Deuteronomy 1:1 – 8 “These are the words that Moses spoke to all Israel in the wilderness east of the Jordan—in the Arabah opposite Suph—between Paran and Tophel, Laban, Hazeroth, and Di-zahab. It is an eleven-day journey from Horeb to Kadesh-barnea by way of Mount Seir. In the fortieth year, on the first day of the eleventh month, Moses proclaimed to the Israelites everything that the LORD had commanded him concerning them. This was after he had defeated Sihon king of the Amorites, who lived in Heshbon, and then at Edrei had defeated Og king of Bashan, who lived in Ashtaroth.
On the east side of the Jordan in the land of Moab, Moses began to explain this law, saying: The LORD our God said to us at Horeb: “You have stayed at this mountain long enough. Resume your journey and go to the hill country of the Amorites; go to all the neighboring peoples in the Arabah, in the hill country, in the foothills, in the Negev, and along the seacoast to the land of the Canaanites and to Lebanon, as far as the great River Euphrates. See, I have placed the land before you. Enter and possess the land that the LORD swore He would give to your fathers Abraham, Isaac, and Jacob, and to their descendants after them.”

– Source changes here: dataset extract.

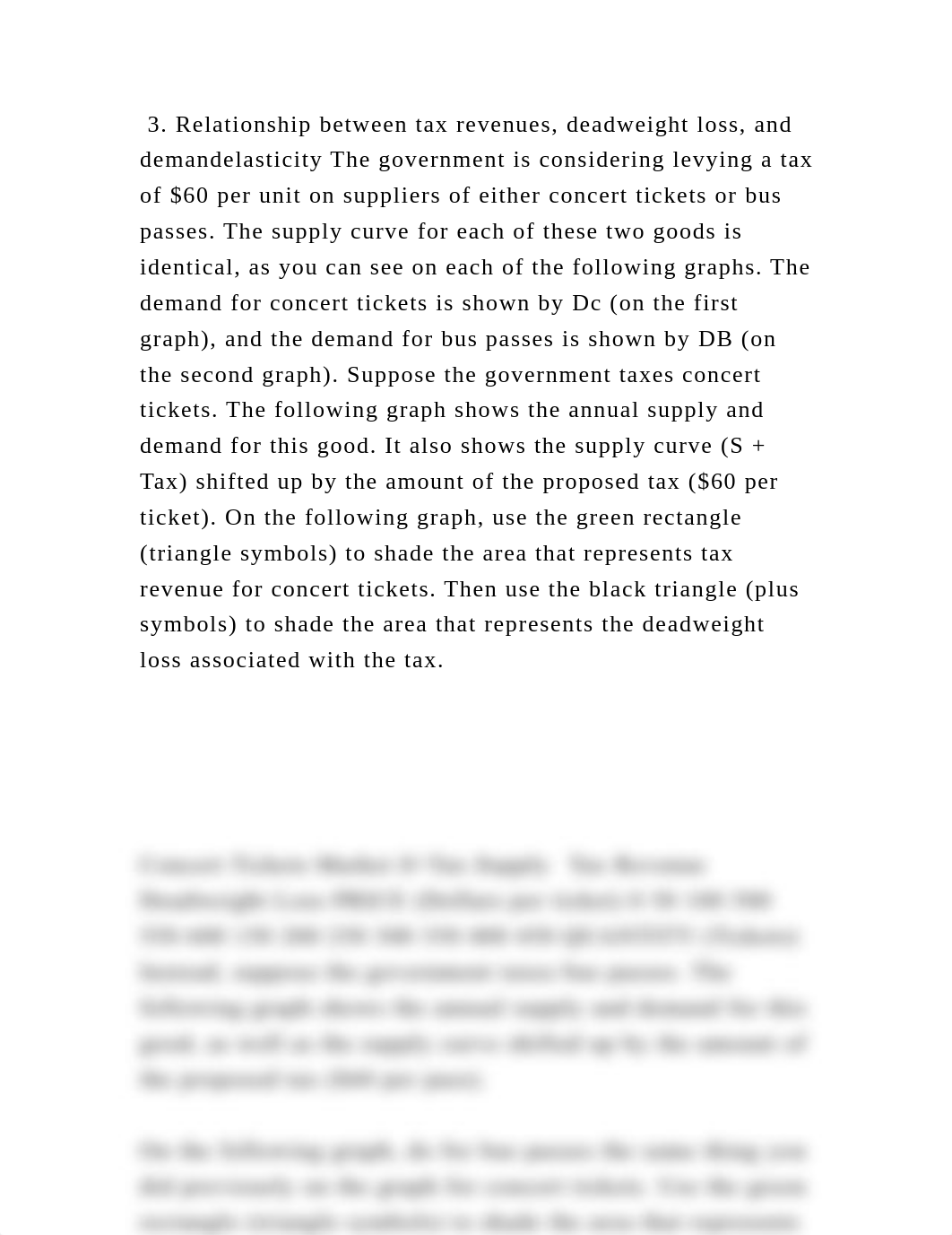 3. Relationship between tax revenues, deadweight loss, and demandelas.docx_dzmsopz132k_page2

We are beginning a study of the Book of Deuteronomy. In this book, Moses summarizes the wanderings of the Israelites for forty years as well as recapitulating the major teachings God has given them. Remember that in the beginning, the Israelites were supposed to enter the Promised Land a few months after leaving Egypt. But when ten of the twelve spies sent to report on the land brought back the frightening information about giants in the land, the Israelites refused to enter, despite assurances from Joshua and Caleb that God would help them defeat any giants. The ten men who had misinformed the Israelites immediately died, and God told the rest of the Israelites that they would never enter the Promised Land because they had refused to believe Him; only their children would enter. But the Israelites changed their minds and tried to enter on their own, resulting in a resounding defeat. The story is told in Numbers 13 and 14. It was this refusal to believe the Lord that forced the Israelites to continue traveling in the wilderness outside the Promised Land for forty years, enough time for all the unbelievers to die off.
After the Israelites went in circles in the wilderness for a long time, God finally gave them the release to move northward so that they could eventually enter the Promised Land. Nobody knows the actual location of those wanderings, so this map represents an educated guess.
APPLICATION: Many times, we feel as if our lives are going in circles and we aren’t making any progress. We might wonder what God’s will and purposes are for our lives.
The first question we need to ask ourselves is this: have we learned everything we are supposed to from our current situation? God kept the Israelites in the desert so that He could train them to become warriors and so that He could train them in His statutes. God knew that if the Israelites were unprepared physically and spiritually when they entered Canaan, they would never conquer the people who were already there and they would also immediately revert to idolatry. As is obvious in the Book of Judges, many of the Israelites quickly turned away from God once they encountered the fertility cults of the Canaanites.
A second question is this: are we refusing to change because we are afraid? Have we become so comfortable that we are unwilling to take a risk, even though doing so might bring us into a far better way of life spiritually? It’s easy to allow the familiar to act as an anchor, weighing us down.
A final question we must ask is this: if we leave our current way of life, where are we going? Change merely for the sake of change might lead to disaster. Are we changing because God is leading us or are we changing because we are bored?
May God help us so that as we make changes, we allow Him to lead us! Only when we follow God’s leading will we find His Promised Land.
PRAYER: Father God, thank you for loving us and for caring for us. Help us to learn everything you want us to from our present situations. Help us to be willing to change when you say so and not to hold back. Thank you that Your plans for us are to give us a future and a hope. (Jeremiah 29:11) In the matchless Name of King Jesus. Amen.